A Stanford University research team has created a potentially powerful new way to fix damaged corneas. About 100,000 corneal transplants are done annually in the United States — but they require surgery with donated corneas from cadavers. Stanford's strategy is to grow individual cells instead. The team then harvests a few "mother" corneal cells, called progenitor cells, donated from a cadaver. Those cells are then put into a warm broth in petri dishes, where they give birth to many new corneal cells. The Stanford team enlisted a recent technological advance: magnetic nanoparticles. The new cells were magnetized with the nanoparticles, loaded into a syringe and injected into the eye. Then, using an electromagnetic force on a patch held outside of the eye, the team pulled the cells into the middle of the eye, to the back of cornea. Later, the magnetic nanoparticles fell off the cells, exited the eye and were excreted in the patients' urine.

Salmonella no longer tops food poisoning list

The U.S. government's latest report card on food poisoning suggests that a germ commonly linked to raw milk and poultry is surpassing salmonella at the top of the culprit list. The most common bug last year was campylobacter (kam-pih-loh-BAK'-tur). It's mostly a problem in unpasteurized dairy products, but also is seen in contaminated chicken, water and produce. Salmonella was No. 1 for the last 20 years but last year moved down to No. 2. Other causes like listeria, shigella and E. coli trail behind.

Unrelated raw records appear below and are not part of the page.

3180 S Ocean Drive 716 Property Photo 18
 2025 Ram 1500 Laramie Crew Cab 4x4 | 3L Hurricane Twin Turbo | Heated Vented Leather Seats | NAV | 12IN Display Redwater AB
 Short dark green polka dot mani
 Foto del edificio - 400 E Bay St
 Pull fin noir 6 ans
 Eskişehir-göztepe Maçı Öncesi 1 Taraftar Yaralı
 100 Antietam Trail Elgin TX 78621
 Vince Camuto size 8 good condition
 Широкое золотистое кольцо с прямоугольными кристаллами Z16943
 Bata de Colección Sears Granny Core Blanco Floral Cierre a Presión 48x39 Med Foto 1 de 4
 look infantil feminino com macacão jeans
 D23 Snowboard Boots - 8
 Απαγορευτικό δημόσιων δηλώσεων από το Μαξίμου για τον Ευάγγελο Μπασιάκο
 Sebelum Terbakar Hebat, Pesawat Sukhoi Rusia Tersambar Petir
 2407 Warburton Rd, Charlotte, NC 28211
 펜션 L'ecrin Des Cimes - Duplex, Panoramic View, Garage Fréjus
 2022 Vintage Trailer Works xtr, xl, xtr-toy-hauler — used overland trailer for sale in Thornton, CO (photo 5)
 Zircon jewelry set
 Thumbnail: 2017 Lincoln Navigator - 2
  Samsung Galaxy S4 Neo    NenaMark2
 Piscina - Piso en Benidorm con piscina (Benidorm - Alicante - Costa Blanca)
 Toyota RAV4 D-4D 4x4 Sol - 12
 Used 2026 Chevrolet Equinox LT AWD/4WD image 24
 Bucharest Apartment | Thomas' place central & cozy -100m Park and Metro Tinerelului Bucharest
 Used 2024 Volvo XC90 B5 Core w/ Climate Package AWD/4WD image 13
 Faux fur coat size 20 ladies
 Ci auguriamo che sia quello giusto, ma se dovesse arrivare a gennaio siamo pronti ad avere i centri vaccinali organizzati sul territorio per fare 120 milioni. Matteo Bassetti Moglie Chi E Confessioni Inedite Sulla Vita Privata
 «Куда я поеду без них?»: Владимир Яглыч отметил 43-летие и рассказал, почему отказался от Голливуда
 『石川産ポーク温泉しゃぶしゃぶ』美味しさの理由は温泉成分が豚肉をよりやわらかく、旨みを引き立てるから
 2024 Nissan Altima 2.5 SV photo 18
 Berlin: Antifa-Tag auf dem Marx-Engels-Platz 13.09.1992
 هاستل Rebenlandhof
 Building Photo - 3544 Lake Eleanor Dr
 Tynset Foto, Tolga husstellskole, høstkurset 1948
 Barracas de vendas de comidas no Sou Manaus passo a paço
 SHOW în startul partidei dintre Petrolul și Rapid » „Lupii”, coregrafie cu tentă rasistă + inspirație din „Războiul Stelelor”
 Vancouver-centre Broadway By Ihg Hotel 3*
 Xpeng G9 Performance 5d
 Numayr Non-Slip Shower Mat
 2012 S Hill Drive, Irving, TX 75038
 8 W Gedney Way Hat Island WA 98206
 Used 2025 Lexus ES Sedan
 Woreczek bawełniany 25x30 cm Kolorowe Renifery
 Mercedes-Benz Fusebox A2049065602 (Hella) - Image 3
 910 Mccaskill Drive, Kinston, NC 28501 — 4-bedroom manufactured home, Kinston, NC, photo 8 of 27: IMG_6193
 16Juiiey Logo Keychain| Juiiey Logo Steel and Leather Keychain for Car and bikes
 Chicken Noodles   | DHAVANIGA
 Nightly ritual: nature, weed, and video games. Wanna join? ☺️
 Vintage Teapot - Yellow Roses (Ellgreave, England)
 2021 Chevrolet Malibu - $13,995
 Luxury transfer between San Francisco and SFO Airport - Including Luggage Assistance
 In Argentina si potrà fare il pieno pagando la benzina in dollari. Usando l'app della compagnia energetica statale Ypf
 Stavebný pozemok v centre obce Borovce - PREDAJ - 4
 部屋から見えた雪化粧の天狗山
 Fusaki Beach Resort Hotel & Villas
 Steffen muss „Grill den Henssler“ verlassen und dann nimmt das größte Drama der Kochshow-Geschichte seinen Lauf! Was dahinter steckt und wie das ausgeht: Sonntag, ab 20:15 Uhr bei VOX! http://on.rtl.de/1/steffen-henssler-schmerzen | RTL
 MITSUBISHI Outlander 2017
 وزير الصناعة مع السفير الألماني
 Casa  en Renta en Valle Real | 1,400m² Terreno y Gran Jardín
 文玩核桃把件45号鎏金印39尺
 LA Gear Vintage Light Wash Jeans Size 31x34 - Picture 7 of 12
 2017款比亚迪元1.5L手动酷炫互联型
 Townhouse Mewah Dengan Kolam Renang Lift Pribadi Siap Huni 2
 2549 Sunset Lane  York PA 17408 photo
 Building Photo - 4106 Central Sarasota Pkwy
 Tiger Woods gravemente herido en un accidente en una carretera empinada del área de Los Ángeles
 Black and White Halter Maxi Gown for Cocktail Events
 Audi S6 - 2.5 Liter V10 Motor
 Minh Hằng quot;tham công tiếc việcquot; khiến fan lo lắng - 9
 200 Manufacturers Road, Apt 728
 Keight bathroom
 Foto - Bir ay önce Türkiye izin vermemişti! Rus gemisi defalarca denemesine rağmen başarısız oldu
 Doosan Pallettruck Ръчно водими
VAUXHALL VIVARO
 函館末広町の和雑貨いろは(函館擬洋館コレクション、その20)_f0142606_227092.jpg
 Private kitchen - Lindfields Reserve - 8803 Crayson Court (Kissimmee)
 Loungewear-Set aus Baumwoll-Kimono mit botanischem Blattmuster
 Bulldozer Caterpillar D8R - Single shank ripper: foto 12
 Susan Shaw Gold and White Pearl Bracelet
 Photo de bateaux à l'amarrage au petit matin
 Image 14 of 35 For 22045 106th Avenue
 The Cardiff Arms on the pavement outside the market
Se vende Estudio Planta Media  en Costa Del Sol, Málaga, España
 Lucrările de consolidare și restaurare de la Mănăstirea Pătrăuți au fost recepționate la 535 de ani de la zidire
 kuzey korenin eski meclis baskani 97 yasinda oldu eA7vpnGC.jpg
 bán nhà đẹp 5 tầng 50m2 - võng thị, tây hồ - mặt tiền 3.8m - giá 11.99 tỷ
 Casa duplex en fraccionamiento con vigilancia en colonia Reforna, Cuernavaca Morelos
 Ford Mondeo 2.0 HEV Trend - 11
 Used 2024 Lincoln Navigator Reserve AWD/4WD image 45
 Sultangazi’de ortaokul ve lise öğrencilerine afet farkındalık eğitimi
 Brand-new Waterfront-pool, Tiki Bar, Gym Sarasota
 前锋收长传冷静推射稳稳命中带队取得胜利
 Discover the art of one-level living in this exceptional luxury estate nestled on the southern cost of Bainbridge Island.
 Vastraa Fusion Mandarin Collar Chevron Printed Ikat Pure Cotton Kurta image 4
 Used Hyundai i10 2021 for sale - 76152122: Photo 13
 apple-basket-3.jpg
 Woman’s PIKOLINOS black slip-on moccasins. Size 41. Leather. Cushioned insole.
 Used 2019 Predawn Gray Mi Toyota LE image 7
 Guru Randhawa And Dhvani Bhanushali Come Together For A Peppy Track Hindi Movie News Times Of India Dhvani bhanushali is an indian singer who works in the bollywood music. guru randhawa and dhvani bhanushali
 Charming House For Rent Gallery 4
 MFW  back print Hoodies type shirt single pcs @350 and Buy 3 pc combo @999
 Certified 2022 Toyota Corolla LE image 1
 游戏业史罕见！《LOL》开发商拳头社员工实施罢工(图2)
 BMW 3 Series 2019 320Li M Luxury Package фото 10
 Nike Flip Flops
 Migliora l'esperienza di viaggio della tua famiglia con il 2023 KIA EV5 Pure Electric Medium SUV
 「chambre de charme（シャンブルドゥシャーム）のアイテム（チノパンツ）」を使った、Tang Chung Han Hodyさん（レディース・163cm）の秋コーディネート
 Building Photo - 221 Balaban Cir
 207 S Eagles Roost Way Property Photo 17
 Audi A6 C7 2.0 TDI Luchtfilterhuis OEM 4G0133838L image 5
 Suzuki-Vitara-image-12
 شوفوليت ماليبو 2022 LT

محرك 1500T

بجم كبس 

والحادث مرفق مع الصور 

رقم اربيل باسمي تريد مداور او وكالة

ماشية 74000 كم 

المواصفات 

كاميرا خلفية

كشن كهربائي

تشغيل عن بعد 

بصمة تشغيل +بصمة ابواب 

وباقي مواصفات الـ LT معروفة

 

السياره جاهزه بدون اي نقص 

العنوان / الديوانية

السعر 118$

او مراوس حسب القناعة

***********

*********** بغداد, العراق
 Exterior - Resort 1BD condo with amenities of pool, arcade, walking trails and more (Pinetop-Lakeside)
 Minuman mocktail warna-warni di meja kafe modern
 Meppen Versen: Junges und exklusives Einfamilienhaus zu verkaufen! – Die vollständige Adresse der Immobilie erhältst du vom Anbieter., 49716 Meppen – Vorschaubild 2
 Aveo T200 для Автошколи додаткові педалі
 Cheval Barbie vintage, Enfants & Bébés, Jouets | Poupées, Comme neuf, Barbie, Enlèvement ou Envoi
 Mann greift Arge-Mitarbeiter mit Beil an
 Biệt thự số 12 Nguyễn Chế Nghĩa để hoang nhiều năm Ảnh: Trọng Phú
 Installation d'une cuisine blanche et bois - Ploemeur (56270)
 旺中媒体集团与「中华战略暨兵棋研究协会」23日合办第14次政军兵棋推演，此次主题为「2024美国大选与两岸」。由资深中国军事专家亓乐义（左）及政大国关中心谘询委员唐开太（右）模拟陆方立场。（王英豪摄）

Most heart patients don't follow statin plan

People who survive a heart attack are urged to take statin drugs to prevent recurrent disease, but most patients in a large study either took less of the cholesterol-lowering medicines than needed or stopped taking them entirely within two years. The study, in JAMA Cardiology, analyzed data on 29,932 Medicare patients ages 66-75 who had been hospitalized for a heart attack from 2007 through 2012 and had filled a prescription for either Lipitor or Crestor. At six months after their discharge from the hospital, 58.9 percent of them were still taking the medicine with high adherence rates. By two years, only 41.6 percent were taking it as directed; many were taking lower dosages than prescribed, and nearly 1 in 5 had stopped taking the medicine completely.